Dopo la Rivoluzione francese le donne ottennero il diritto di lavorare. Ma c’era un ostacolo: per indossare i pantaloni serviva il permesso della Polizia. Una legge più dura a morire di quanto non ci si possa aspettare.
Siamo al tempo di Napoleone. La Rivoluzione ha cambiato molte cose e le donne ambiscono a poter fare qualcosa di più che tenere salotti: magari addirittura votare. Per il momento, però, si sarebbero accontentate di poter lavorare liberamente: d’altronde tutti gli ostacoli in proposito erano stati tolti dalla Dichiarazione dei Diritti dell’Uomo e del Cittadino e dall’abolizione della feudalità.
Ma la situazione faceva arricciare il naso a molti: donne che lavorano? E dove andremo a finire! Gli stipendi sono già bassi, se anche le donne iniziano a fare le operaie o le artigiane si abbasseranno ancora di più!
Dunque, in quello spirito di autoritarismo subdolo che fu il governo di Napoleone, si pensò a una soluzione surrettizia: non si proibiva alle donne di lavorare… ma si impediva loro di farlo praticamente.
Così il 17 novembre dell’anno 1800 venne approvato uno speciale provvedimento, intitolato “Decreto riguardo il travestitismo delle donne”. La disposizione era semplice:
Ogni donna che desidera vestirsi come un uomo o indossare i pantaloni deve andare alla Polizia e ottenere il permesso di farlo.
Chiaramente era impossibile lavorare in una fabbrica o in una officina indossando un vestito o una lunga gonna!
C’era anche un valore simbolico: la rivoluzione aveva reso un fatto politico l’indossare i pantaloni lunghi a dispetto delle culotte a mezza gamba degli aristocratici. Proibendo alle donne di indossare i pantaloni di fatto le si escludeva anche dalle schiere dei rivoluzionari.
Il provvedimento rimase applicato nella società francese per molto più di quanto si possa immaginare, infatti venne emendato nel 1892 e poi nel 1909 per permettere alle donne di indossare i pantaloni “se stanno tenendo i manubri di una bicicletta o le redini di un cavallo”.

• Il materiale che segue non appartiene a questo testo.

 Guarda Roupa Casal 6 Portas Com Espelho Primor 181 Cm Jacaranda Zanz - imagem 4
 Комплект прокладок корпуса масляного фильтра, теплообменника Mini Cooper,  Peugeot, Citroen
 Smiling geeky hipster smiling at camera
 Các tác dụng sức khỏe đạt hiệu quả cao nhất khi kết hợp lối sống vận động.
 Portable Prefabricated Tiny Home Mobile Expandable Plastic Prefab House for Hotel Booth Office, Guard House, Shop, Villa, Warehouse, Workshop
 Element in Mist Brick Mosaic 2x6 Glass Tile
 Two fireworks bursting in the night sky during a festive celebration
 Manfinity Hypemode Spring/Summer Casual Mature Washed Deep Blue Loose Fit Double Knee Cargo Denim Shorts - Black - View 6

Durante il XIX secolo ogni donna che osava indossare i pantaloni era considerata una ribelle. Rosa Bonheur era un’artista anticonformista ma nel 1852 chiese il permesso necessario per indossare i pantaloni per poter andare al mercato dei bovini e degli ovini mentre si specializzava in dipinti di animali. La romanziera George Sand scelse di indossare abiti maschili in pubblico ma senza permesso. Trovava i pantaloni più comodi e scoprì pure che così poteva accedere più facilmente a luoghi in cui le donne non erano autorizzate.
Marie-Rose Astié de Valsayre era un’infermiera e musicista e sosteneva i diritti delle donne. Oltre a fondare la Lega delle Donne nel 1889 e organizzare una campagna per la parità di salario, nel 1887 presentò una petizione ai parlamentari per il diritto delle donne di indossare i pantaloni, cosa che non ebbe seguito. Nel 1895 fece una campagna contro un progetto di vietare alle donne di indossare pantaloni tranne quando erano in bicicletta.
All’inizio del XX secolo era ancora considerato scandaloso che le donne indossassero i pantaloni. Madeleine Pelletier è stata la prima psichiatra donna in Francia e una delle prime femministe a lottare per l’emancipazione delle donne. Portava i capelli corti ed era nota per il suo “travestimento”. Sosteneva che indossava pantaloni e si vestiva da uomo per prendere le distanze dalla femminilità.
Durante le due guerre mondiali, quando le donne iniziarono ad assumere il lavoro degli uomini che combattevano al fronte, iniziarono per necessità ad indossare anche a indossare abiti più pratici. Ma nell’alta società indossare pantaloni era una cosa ancora giudicata oltraggiosa. Fu solo negli anni ’60 che i pantaloni da donna iniziarono a essere accettati e stilisti come Yves Saint Laurent cominciarono a includerli nelle collezioni che sfilavano in passerella. Nondimeno, ancora nel 1978 alla deputata Chantal Leblanc (del Partito Comunista) venne rifiutato l’ingresso all’Assemblea Nazionale per i suoi pantaloni di velluto a coste.
Nel luglio 2012 il senatore della Côte-d’Or, Alain Houpert (I Repubblicani) ha chiesto in Parlamento l’abrogazione del decreto del 1800, che era stato ignorato per anni ma rimaneva ancora ufficialmente in vigore. La sua richiesta è stata debitamente eseguita dal Ministro per i diritti della donna (Najat Vallaud-Belkacem, Partito Socialista) il 31 gennaio 2013, perché il decreto «è incompatibile con i principi di uguaglianza tra donne e uomini».